Listening to music is nothing out of the ordinary any more, you can hear music wherever you go, you are practically forced to hear music, in every department store, in every doctor's surgery, on every street, indeed you cannot
avoid
music nowadays, you wish to escape from it but you cannot escape,
this age is totally accompanied by background music,
that is the catastrophe, Reger said. Our age has witnessed the eruption of
total music,
anywhere between the North Pole and the South Pole you are forced to hear music, in the city or out in the country, on the high seas or in the desert, Reger said. People have been stuffed full of music every day for so long that they have long lost all feeling for music. This monstrous situation of course has its effect on the concerts you hear nowadays, there is nothing out of the ordinary nowadays because all music all over the world is out of the ordinary, and where everything is out of the ordinary there, naturally, nothing out of the ordinary remains, indeed it is positively touching to see a few ridiculous virtuosi still taking pains to be out of the ordinary, but they are so no longer because they can be so no longer. The world is through and through
pervaded by total music,
Reger said, that is the misfortune, at every street corner you can hear extraordinary and perfect music on such a scale that you have probably blocked your ears long ago to stop yourself going out of your mind. People today, because they have nothing else left, suffer from a pathological music consumption, Reger said, this music consumption will be driven forward by the industry, which controls people today, to a point where everybody is destroyed; there is a lot of talk nowadays about waste and chemicals which have destroyed everything, but music destroys a lot more than waste and chemicals do, it is music that eventually will destroy absolutely everything
totally,
mark my words. The first thing to be destroyed by the music industry are people's auditory canals and next, as a logical consequence, the people themselves, that is the truth, Reger said. I can already see people totally destroyed by the music industry, Reger said, those masses of music-industry victims eventually populating the continents with their musical cadaverous stench, my dear Atzbacher,
the music industry will one day have the population on its conscience,
it will most probably ultimately have the whole of mankind on its conscience, not just chemicals and waste, believe me. The music industry is the murderer of human beings, the music industry is the real mass murderer of humanity which, if the music industry continues on its present lines, will have no hope whatever within a few decades, my dear Atzbacher, Reger said excitedly. A person with a sensitive ear will soon be unable to go out into the street; just go to a café, go to an inn, go to a department store, everywhere, whether you like it or not, you have to hear music; take a train or board a plane, music today pursues you everywhere. This ceaseless music is the most brutal thing present-day humanity has to suffer and to tolerate, Reger said. From early morning till late at night humanity is stuffed full of Mozart and Beethoven, Bach and Handel, Reger said. Go where you will, you cannot escape that torture. It is a downright miracle, Reger said, that ceaseless music is not yet to be heard at the Kunsthistorisches Museum as well, that would be the last straw.

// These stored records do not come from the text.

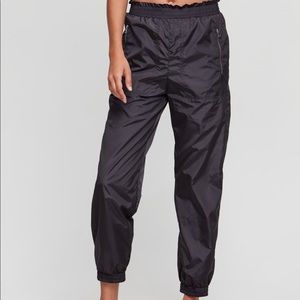 BRAND NEW NYLON PANTS BY ARITZIA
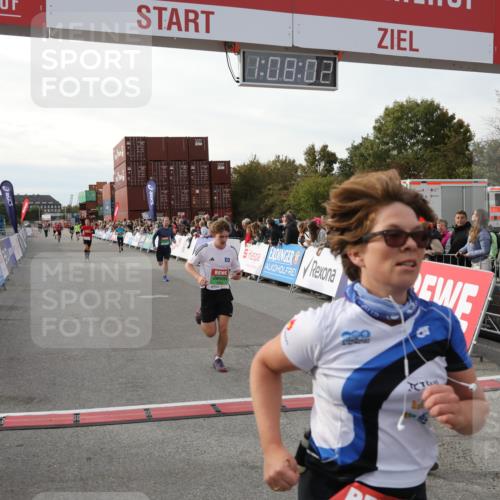03.10.2025 - Köhlbrandbrückenlauf Yannick Fuchs http://msf.ph/oto/8983981 03.10.2025 16:08:00 Ziel 7085, 7319, 7335, 7494, 8824, 9072, 9543 meine-sportfotos.de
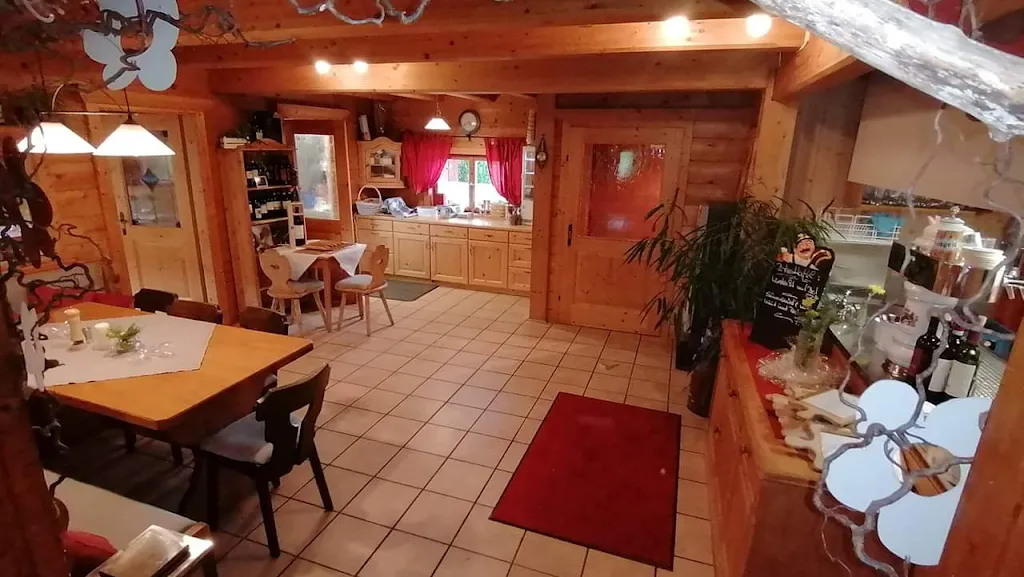 Olli's Schnaidbergstuben restaurant in Peiting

After the funeral of my wife I locked myself up in the
Singerstrasse
flat and did not even admit the housekeeper,
Reger said. Immediately after the funeral he had gone to the nearby synagogue and lit a candle, without really knowing why, and the strangest thing was that from the synagogue he had gone straight into Saint Stephen's and lit a candle there too, again without really knowing why. Having a lit a candle in Saint Stephen's, he had walked down the Wollzeile for some way with the idea of killing himself. However, I had no clear idea of
how
I would kill myself and eventually I was
able to dismiss
the idea of killing myself from my head, at least for a short time.
I had the choice between wandering criss-cross about the city for days and perhaps weeks, or staying locked up for weeks,
Reger said to me,
I decided in favour of staying locked up for weeks.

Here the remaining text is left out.